Porque cuando no es la mano torpe del funcionario que ordena “podar”


(mutilando sin ciencia ni conciencia), es la avaricia pícara de quien
encuentra en cualquier oportunidad un buen negocio para borrar
violentamente la maravillosa mansedumbre de sombra, viento y verde
que estos seres nos regalan al alma. Nuestro símbolo (y el de toda
nuestra realidad político-social) pareciera ser el viejo cementerio de San
Felipe en Sabaneta: Una memoria en ruinas: el olvido de sí mismos.

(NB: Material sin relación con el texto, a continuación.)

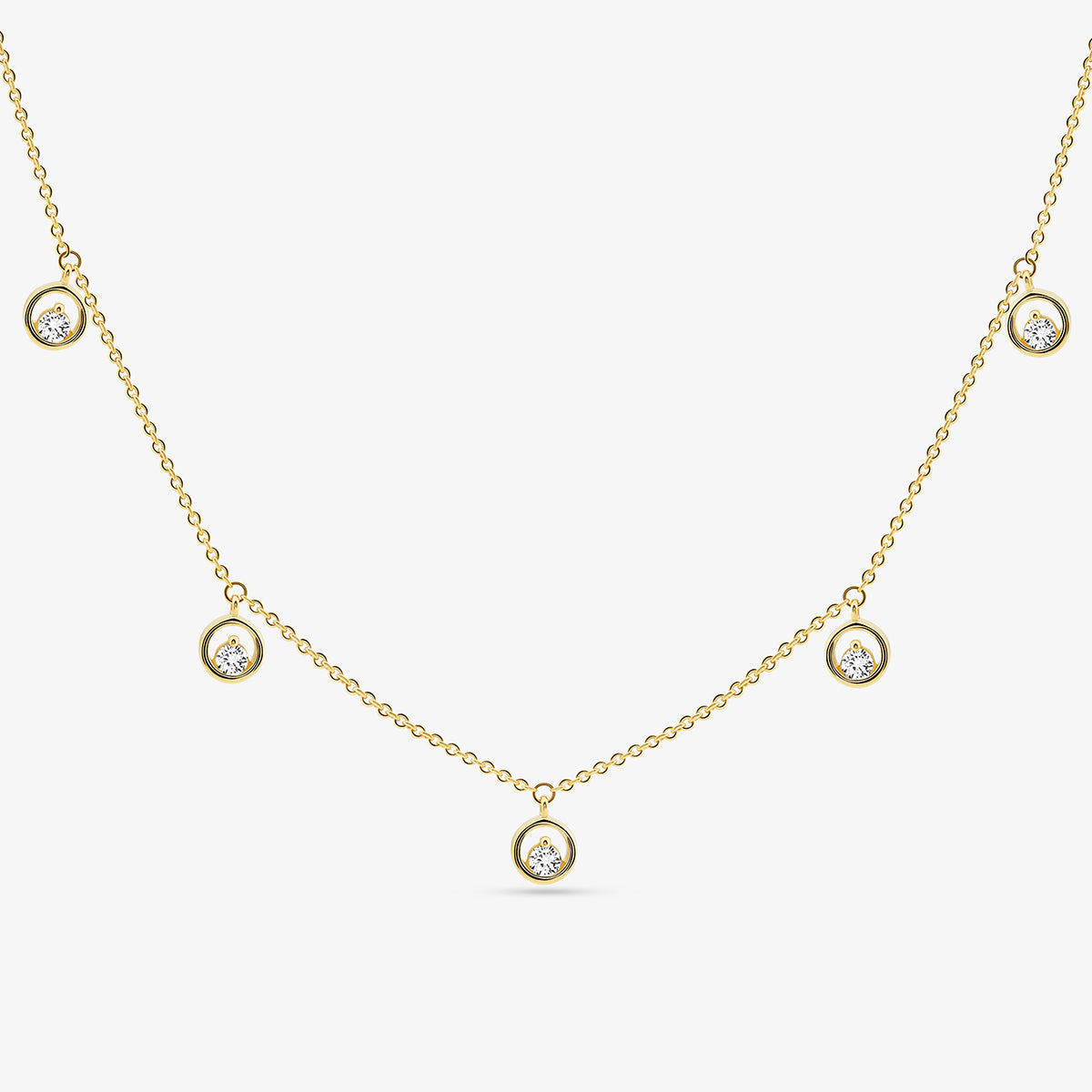 Tragebild: CLASSIC Charm-Halskette mit fÃ¼nf runden Stein-Charms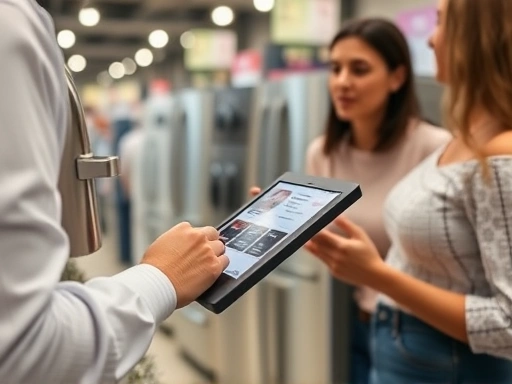 혼수가전 매장에서 판매 직원이 태블릿으로 다양한 가전제품의 할인 정보를 예비 신혼부부에게 설명하고 있는 클로즈업 장면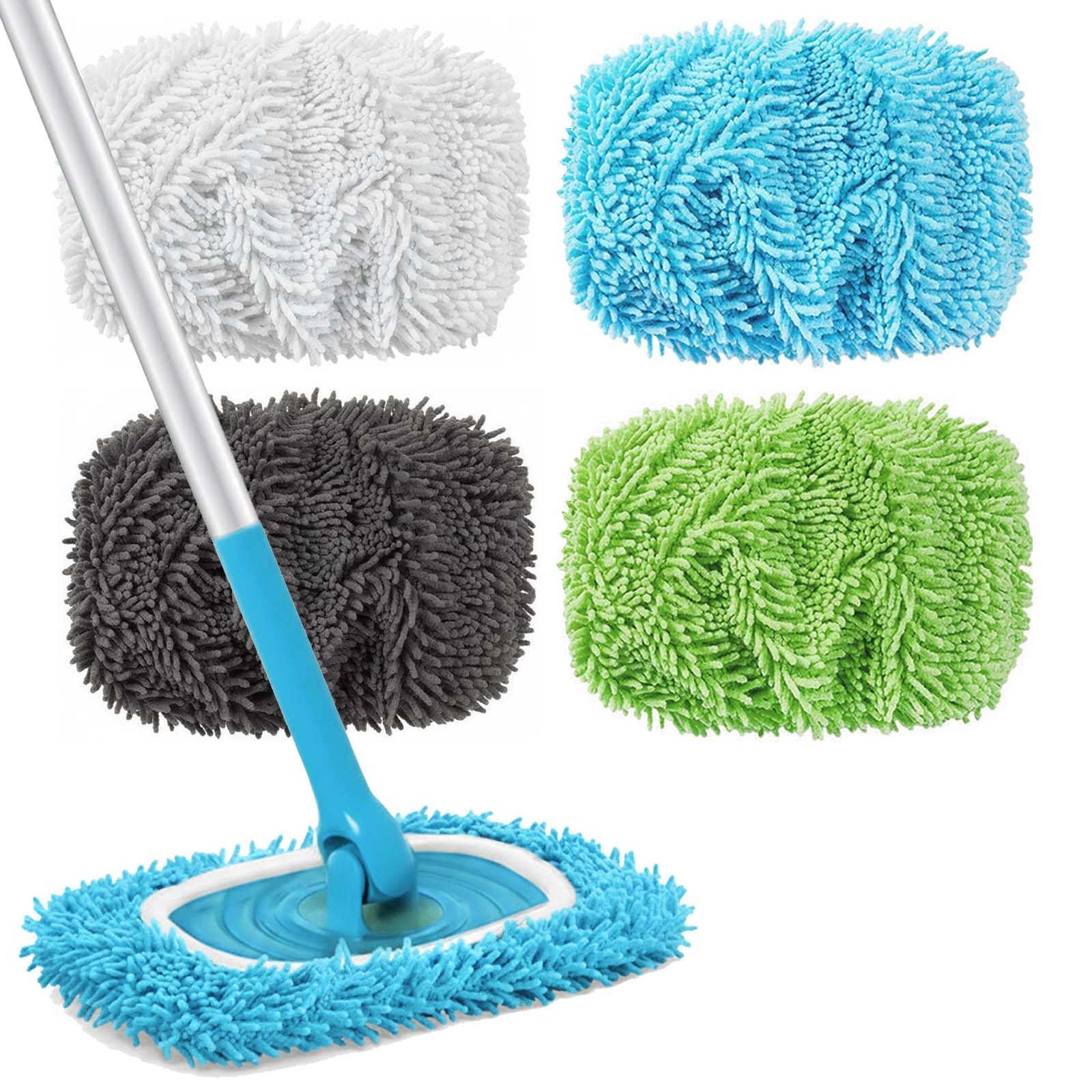Reusable Mop Pad Compatible With Swiffer Sweeper Mops, 4 Pack Chenille Mops Refill Pads,Wet And Dry Flat Mop Cover,Washable Wet Pads Refill For Mopping Floors,For Floor Cleaning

Quizás heredamos la vieja hostilidad hacia los árboles de nuestra


“madre patria”, como lo ha recordado Juan Goytisolo a través de los
testimonios de Unamuno, Ponz, du Dezert o del siempre lúcido
Jovellanos:

“En realidad, el amor de Unamuno por las planicies desnudas de Castilla


responde a una vieja tradición peninsular. Los ilustrados habían
advertido ya la hostilidad hereditaria de los campesinos españoles hacia
el árbol. En su Viaje por la Península, publicado en 1787, Antonio Ponz
escribe: ‘Es increíble la aversión que hay en las más partes de España al
cultivo de los árboles’. Desdevises du Dézert refiere el caso del
corregidor de un pueblo que, deseando plantar arboledas, tropezó con la
tenaz oposición de sus paisanos, quienes argüían que ‘los árboles atraen
la humedad y empañan la pureza del aire’. […] De este modo, se
comprende que los inmensos bosques a que hacen referencia los
historiadores antiguos fueran talados unos tras otros, sin que nadie
elevara la voz para protestar”.

Y, el mismo Goytisolo, más adelante: “Jovellanos, como siempre, se


había esforzado en combatir la ignorancia de sus compatriotas, y en sus
Diarios se lamentaba a cada paso de la falta de arbolado y describía
minuciosamente el aún existente en las comarcas más ricas para
subrayar su decisiva influencia en la pobreza o prosperidad de un país.
Pero el resultado, según confesión propia, era negativo: ‘Años ha que
está ofrecido medio real por cada árbol plantado, y años que no parece
un alma a cobrar un real’”.

De este lado, el talado de árboles no ha cesado desde hace 500 largos


años. ¡Pueden imaginarse los paisajes y pasajes que ya hemos perdido!
¿No es ésta la misma tozudez de los sanfelipeños de ahora? Y la
primera, quizás, en la lista de nuestras imbecilidades.